## Task directions
Find the line in the entries below that contains "Gạch lát nền 80x80 Prime 08620". Repeat it exactly, and every line after it through the line that contains "Logo of the".

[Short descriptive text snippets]
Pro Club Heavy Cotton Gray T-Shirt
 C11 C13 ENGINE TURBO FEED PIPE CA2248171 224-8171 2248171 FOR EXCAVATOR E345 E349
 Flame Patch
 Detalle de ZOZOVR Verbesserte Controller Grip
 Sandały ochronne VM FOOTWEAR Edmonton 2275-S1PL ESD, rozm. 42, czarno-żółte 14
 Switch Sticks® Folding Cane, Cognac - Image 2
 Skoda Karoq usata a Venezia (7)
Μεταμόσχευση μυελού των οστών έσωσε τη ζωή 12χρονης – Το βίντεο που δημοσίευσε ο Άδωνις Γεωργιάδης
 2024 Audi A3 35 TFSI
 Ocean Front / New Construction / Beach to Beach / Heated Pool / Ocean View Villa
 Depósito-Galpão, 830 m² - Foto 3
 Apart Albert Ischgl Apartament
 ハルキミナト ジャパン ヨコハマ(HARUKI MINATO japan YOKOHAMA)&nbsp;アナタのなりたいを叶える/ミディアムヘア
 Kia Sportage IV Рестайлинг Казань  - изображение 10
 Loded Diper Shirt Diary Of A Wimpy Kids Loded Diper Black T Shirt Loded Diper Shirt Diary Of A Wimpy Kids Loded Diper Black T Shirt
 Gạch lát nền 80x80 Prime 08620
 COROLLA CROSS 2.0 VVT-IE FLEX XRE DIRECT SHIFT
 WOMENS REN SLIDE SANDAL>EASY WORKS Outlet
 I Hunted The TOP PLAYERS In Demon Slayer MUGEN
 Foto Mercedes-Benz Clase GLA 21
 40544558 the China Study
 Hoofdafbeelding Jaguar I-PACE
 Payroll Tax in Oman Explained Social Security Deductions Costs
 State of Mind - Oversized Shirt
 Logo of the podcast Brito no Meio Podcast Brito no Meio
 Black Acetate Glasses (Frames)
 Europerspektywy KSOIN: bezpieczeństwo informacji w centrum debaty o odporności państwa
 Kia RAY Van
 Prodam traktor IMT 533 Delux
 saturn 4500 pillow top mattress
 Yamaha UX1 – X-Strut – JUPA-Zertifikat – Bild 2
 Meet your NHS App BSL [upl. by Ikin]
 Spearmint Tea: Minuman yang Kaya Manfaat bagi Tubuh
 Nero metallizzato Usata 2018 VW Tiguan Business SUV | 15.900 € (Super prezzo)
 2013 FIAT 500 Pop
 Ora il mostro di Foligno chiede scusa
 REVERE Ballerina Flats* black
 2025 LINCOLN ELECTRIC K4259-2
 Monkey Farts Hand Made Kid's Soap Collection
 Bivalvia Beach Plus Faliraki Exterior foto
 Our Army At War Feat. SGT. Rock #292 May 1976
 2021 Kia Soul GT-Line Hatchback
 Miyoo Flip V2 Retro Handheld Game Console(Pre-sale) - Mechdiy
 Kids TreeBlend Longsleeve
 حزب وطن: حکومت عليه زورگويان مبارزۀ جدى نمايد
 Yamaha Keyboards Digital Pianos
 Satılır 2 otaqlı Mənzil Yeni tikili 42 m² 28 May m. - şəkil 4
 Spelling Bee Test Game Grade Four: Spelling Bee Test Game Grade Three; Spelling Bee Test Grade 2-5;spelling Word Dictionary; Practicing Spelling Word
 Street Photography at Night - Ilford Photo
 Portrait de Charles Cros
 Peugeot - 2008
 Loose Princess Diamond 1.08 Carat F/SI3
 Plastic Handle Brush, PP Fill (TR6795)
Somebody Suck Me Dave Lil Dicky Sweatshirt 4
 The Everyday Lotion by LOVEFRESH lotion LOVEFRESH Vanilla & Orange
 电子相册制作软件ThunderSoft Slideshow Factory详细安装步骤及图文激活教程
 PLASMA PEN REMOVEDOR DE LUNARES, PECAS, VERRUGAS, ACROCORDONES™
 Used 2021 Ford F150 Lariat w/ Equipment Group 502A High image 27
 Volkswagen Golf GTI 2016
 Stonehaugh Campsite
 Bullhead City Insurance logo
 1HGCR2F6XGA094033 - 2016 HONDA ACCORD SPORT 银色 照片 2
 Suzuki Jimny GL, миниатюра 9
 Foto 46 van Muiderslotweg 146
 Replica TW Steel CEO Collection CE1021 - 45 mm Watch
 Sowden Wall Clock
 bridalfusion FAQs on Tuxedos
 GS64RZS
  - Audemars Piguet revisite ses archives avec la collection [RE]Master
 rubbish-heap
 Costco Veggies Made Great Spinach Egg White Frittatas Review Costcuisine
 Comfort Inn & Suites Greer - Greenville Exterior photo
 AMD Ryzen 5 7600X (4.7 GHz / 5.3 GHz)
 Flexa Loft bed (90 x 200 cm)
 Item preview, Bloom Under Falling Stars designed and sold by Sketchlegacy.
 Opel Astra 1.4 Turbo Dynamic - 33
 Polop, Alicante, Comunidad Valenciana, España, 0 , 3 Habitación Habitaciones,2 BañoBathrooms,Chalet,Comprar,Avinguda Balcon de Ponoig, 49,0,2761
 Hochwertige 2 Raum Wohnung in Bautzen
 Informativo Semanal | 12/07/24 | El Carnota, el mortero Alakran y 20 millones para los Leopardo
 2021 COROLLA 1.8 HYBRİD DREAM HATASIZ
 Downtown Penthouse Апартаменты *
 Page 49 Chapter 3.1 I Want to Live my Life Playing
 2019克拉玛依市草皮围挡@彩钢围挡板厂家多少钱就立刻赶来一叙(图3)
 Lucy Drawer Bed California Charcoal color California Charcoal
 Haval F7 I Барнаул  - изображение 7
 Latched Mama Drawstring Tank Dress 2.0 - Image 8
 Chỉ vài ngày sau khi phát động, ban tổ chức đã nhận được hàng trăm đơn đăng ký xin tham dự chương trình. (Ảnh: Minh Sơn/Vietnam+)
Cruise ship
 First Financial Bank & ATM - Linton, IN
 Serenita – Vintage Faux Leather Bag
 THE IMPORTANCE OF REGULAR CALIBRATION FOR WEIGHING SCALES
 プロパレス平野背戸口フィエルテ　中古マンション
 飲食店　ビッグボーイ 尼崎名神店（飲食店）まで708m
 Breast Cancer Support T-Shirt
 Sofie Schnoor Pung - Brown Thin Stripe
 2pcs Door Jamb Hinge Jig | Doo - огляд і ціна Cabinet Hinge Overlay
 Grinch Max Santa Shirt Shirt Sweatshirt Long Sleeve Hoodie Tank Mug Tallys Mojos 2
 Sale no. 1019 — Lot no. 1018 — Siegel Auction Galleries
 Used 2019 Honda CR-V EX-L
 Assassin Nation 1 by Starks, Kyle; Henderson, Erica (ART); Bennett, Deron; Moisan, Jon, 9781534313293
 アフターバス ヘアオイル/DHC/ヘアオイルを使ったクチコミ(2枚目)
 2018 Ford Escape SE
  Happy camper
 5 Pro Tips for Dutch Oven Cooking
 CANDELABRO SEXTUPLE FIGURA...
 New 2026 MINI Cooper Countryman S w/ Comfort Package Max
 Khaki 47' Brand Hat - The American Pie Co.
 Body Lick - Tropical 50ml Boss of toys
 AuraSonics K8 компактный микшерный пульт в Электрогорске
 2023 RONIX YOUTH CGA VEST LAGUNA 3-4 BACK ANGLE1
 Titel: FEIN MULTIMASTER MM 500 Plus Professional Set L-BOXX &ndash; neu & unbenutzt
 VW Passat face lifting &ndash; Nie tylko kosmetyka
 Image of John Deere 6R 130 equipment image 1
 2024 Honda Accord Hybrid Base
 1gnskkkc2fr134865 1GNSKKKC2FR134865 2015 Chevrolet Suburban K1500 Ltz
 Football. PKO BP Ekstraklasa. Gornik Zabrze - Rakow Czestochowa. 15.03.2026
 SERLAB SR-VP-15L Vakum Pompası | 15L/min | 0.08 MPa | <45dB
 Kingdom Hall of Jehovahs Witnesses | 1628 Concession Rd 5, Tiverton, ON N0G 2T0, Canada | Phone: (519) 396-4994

## Solution
 Gạch lát nền 80x80 Prime 08620
 COROLLA CROSS 2.0 VVT-IE FLEX XRE DIRECT SHIFT
 WOMENS REN SLIDE SANDAL>EASY WORKS Outlet
 I Hunted The TOP PLAYERS In Demon Slayer MUGEN
 Foto Mercedes-Benz Clase GLA 21
 40544558 the China Study
 Hoofdafbeelding Jaguar I-PACE
 Payroll Tax in Oman Explained Social Security Deductions Costs
 State of Mind - Oversized Shirt
 Logo of the podcast Brito no Meio Podcast Brito no Meio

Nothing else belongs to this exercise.